[REQUIRED ACTION] Return the stretch from the line with "Hello YouTube, this" through the line with "My diabetes was" in the data below, character for character, skipping all pictures.

[MATERIAL TO PROCESS]
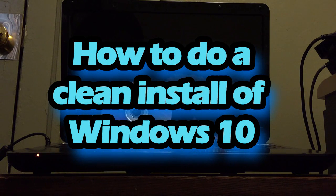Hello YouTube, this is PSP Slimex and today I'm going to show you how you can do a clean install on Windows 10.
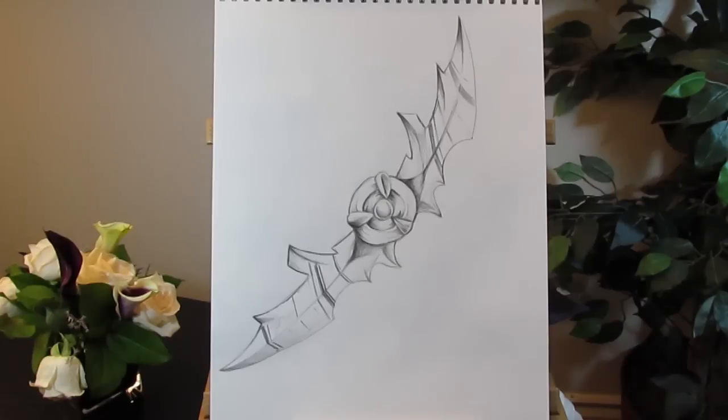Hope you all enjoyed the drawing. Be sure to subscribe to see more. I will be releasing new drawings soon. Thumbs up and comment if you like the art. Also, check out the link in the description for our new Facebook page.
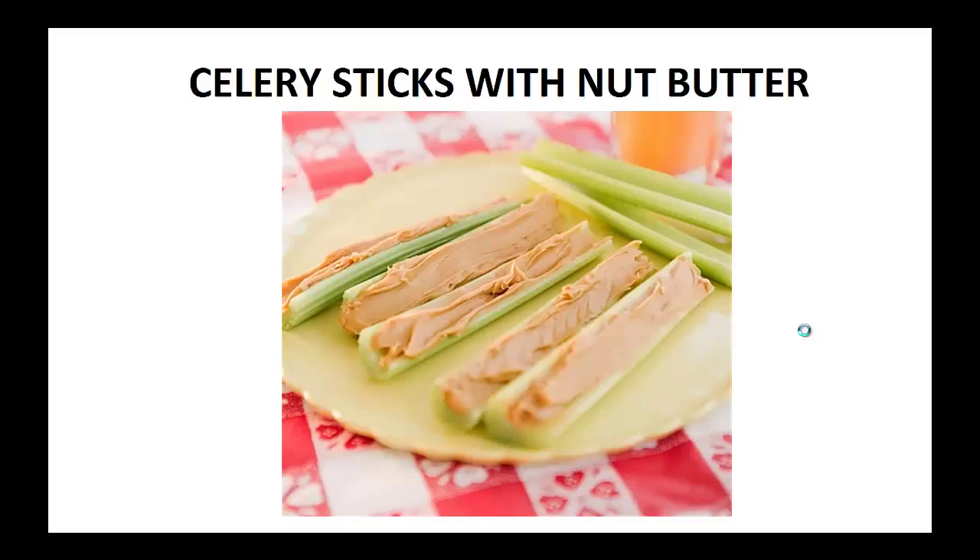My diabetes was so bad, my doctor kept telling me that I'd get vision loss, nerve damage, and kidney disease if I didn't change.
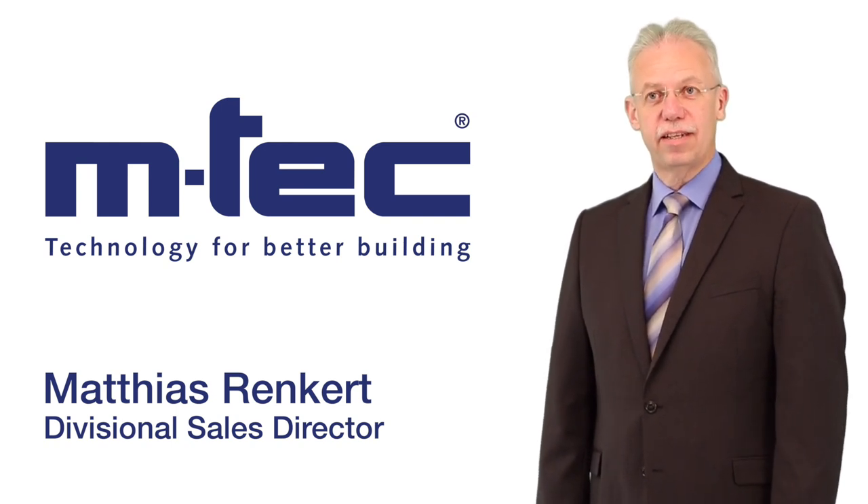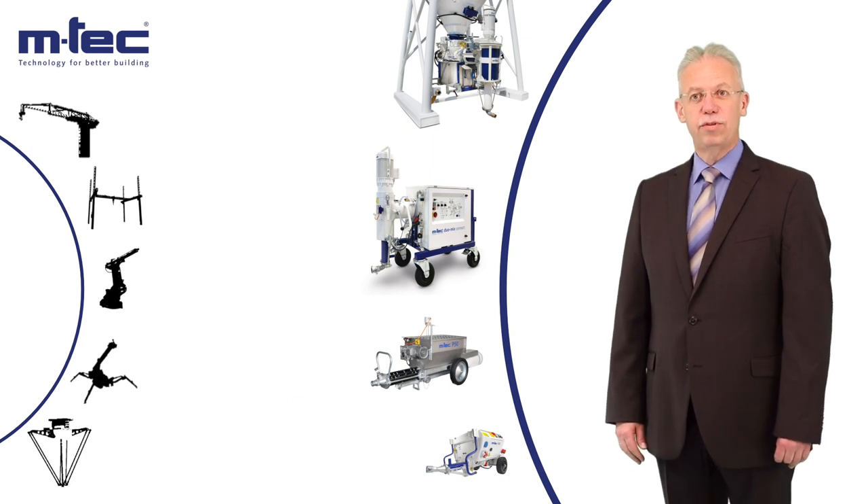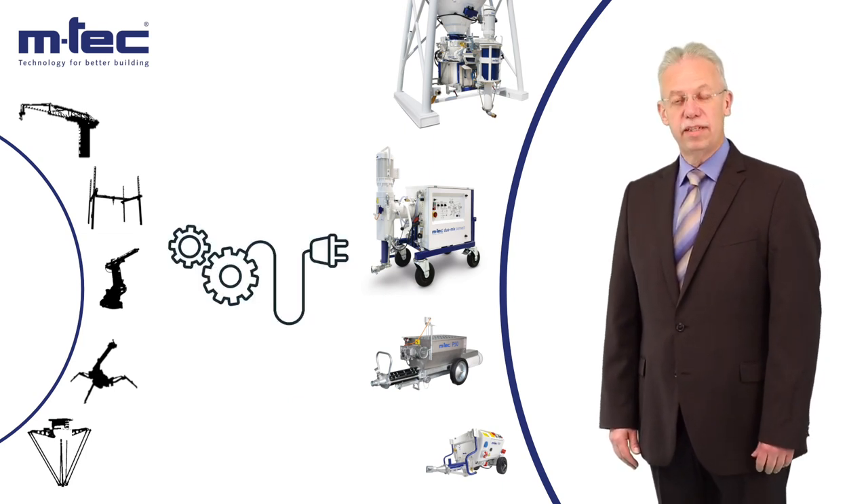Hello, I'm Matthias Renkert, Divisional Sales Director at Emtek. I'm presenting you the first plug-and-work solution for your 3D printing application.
--
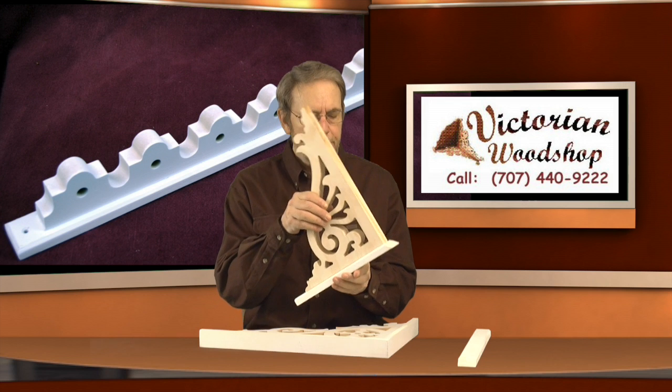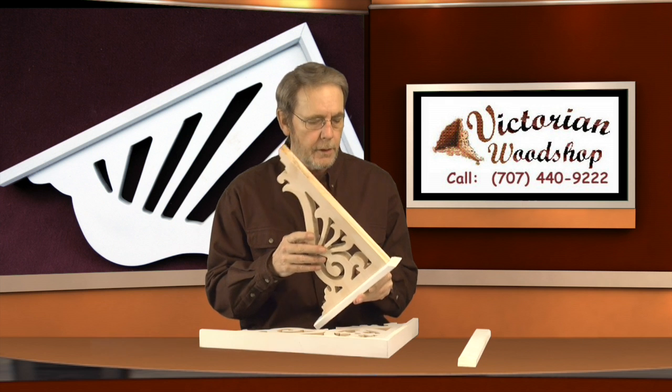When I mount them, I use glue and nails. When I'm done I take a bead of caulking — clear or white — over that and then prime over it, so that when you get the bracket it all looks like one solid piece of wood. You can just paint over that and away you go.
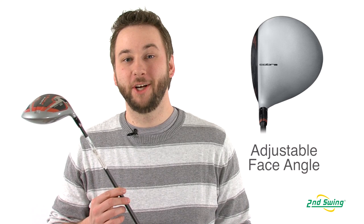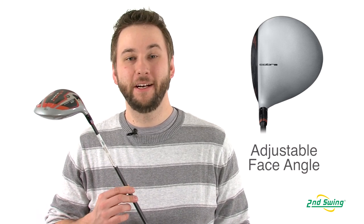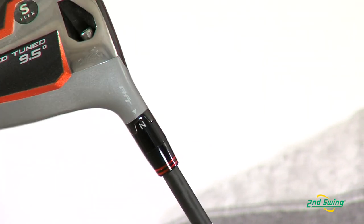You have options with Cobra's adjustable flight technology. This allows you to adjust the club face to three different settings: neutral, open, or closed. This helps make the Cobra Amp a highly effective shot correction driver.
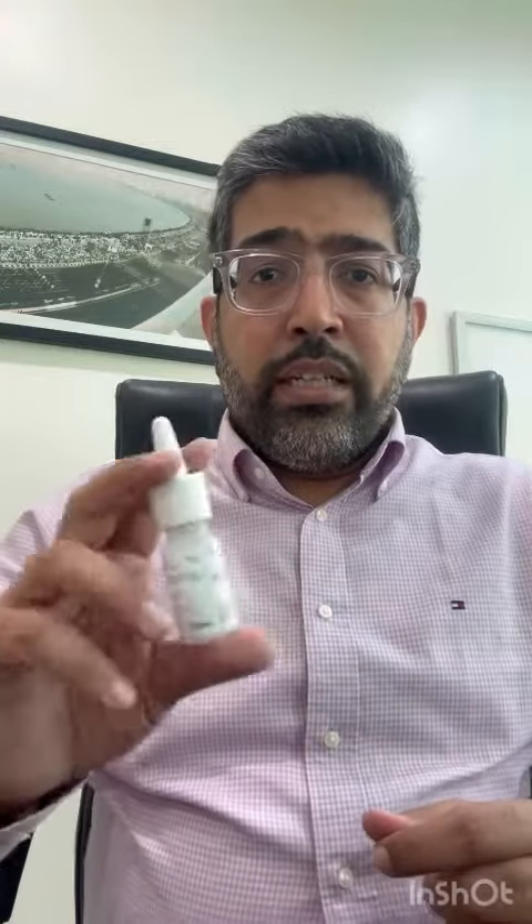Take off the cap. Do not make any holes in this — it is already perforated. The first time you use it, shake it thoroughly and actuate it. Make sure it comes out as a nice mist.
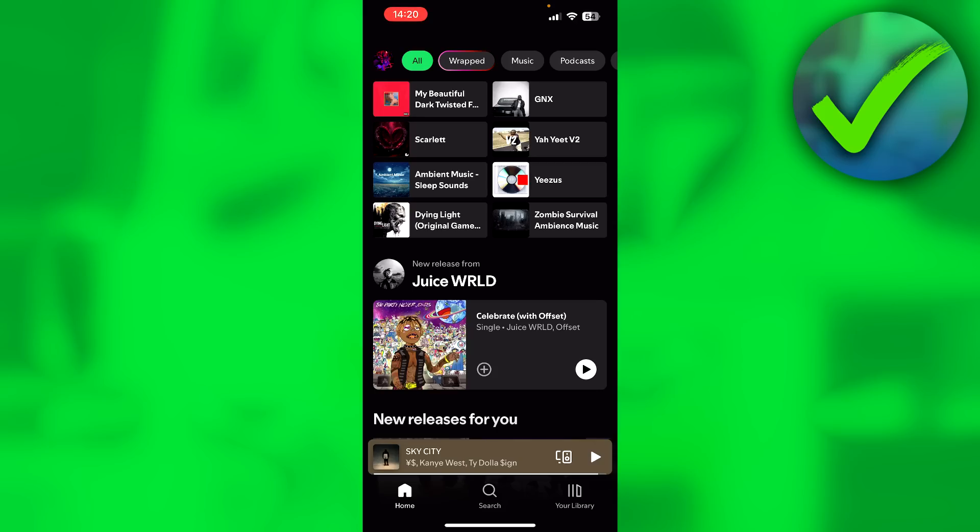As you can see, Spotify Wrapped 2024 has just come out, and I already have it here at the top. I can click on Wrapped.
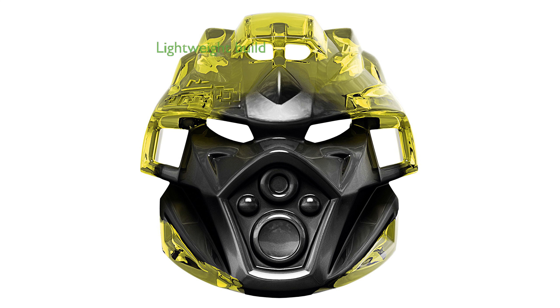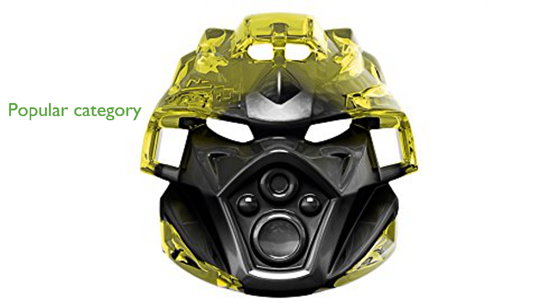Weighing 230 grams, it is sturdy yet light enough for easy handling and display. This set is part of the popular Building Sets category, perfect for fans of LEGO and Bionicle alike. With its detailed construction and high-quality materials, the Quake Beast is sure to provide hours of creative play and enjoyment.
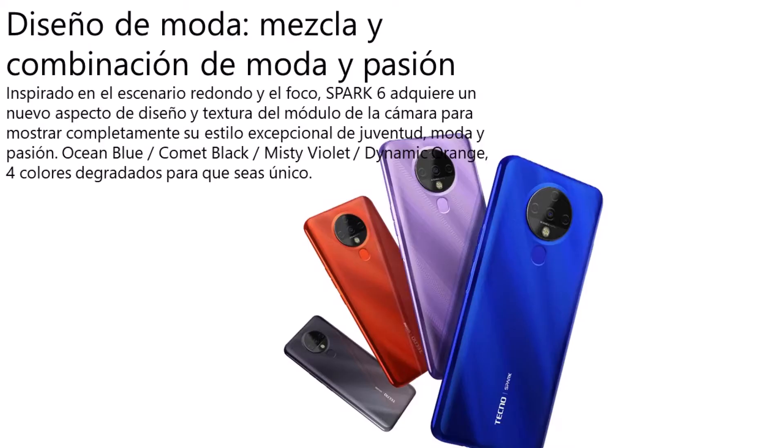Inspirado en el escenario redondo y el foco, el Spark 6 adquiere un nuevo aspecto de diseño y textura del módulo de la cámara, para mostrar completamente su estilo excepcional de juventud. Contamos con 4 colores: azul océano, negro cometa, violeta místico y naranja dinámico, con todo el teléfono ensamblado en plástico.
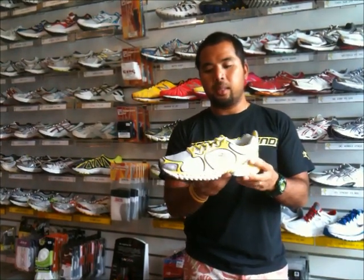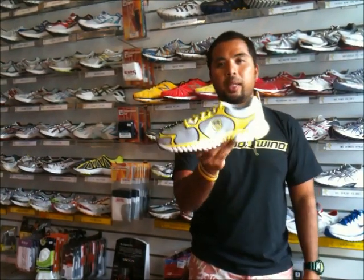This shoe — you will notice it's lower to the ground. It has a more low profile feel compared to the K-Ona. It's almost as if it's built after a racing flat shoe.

[RESULT OF THE EXERCISE]
Hello YouTube, this is PSP Slimex and today I'm going to show you how you can do a clean install on Windows 10.
Hope you all enjoyed the drawing. Be sure to subscribe to see more. I will be releasing new drawings soon. Thumbs up and comment if you like the art. Also, check out the link in the description for our new Facebook page.
My diabetes was so bad, my doctor kept telling me that I'd get vision loss, nerve damage, and kidney disease if I didn't change.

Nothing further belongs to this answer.